And so to my third of my four propositions, related to the present moment.  Where do we stand today? Some extreme ideologues of the right call for the formal dismantling of our system of European human rights protection, describing it in scathing terms as a relic of a past age, as (to use a cruel cliché) ‘past its sell-by date’.  That is not going to happen anytime soon, I think. Nor is the positive transformation of the human rights framework to make it – to use another cliché – ‘fit for purpose’.  Human rights mandates remain active in the present era, with their courts and committees interpreting their charters and conventions and covenants and so on despite these documents not having been tailored to reflect the more brutal times in which we live.  To put this another way, these human rights bodies have legal mandates, which they are required to follow and which have legal effects (direct and indirect) even in those states hostile to those mandates but without their being so hostile as to dispense with the whole structure altogether.
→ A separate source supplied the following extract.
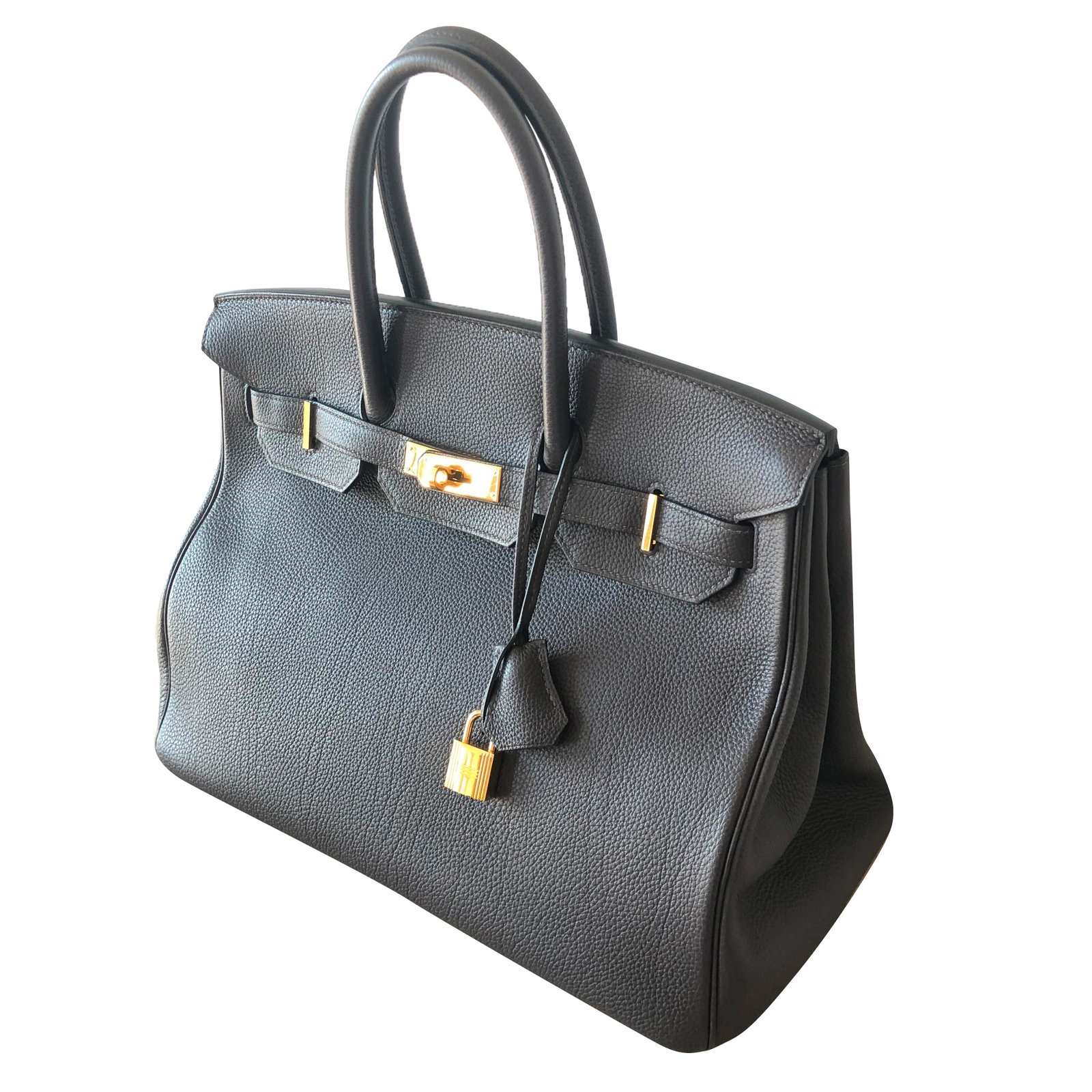 Hermès Birkin 35 Dark grey Leather ref.317798 - Joli Closet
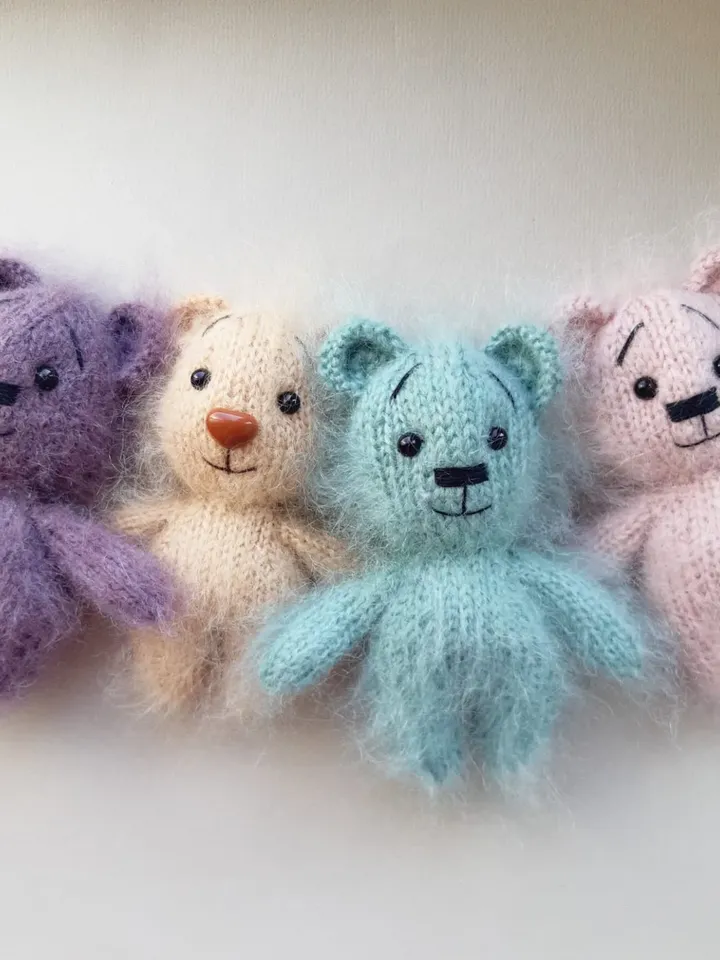 Bear toy knitting pattern. PDF. Amigurumi tutorial. Animal knitting pattern.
How has the European Court of Human Rights been operating its mandate in this period of strain? The story is inevitably a mixed one, and there is no space or time to go into detail here, but with precedents to rely upon and the consequentially slow development of case-law, the Court is inevitably not well-equipped to react effectively to the changed democratic circumstances around it. The consensus about equality of esteem, the need for separation of powers and the importance of the rule of law – for years assumed to be so secure as to be beyond argument – is breaking down, at least in some states and perhaps in more than we realise.  Old school rights jurisprudence about this or that abuse of individual freedom by some state authority or other presupposes an underlying support for the ethico-legal framework within which such cases get litigated. What happens when it is the framework itself that is being undermined?

Given it will be neither abolished nor rejuvenated by state support, what is the European Court of Human Rights to do?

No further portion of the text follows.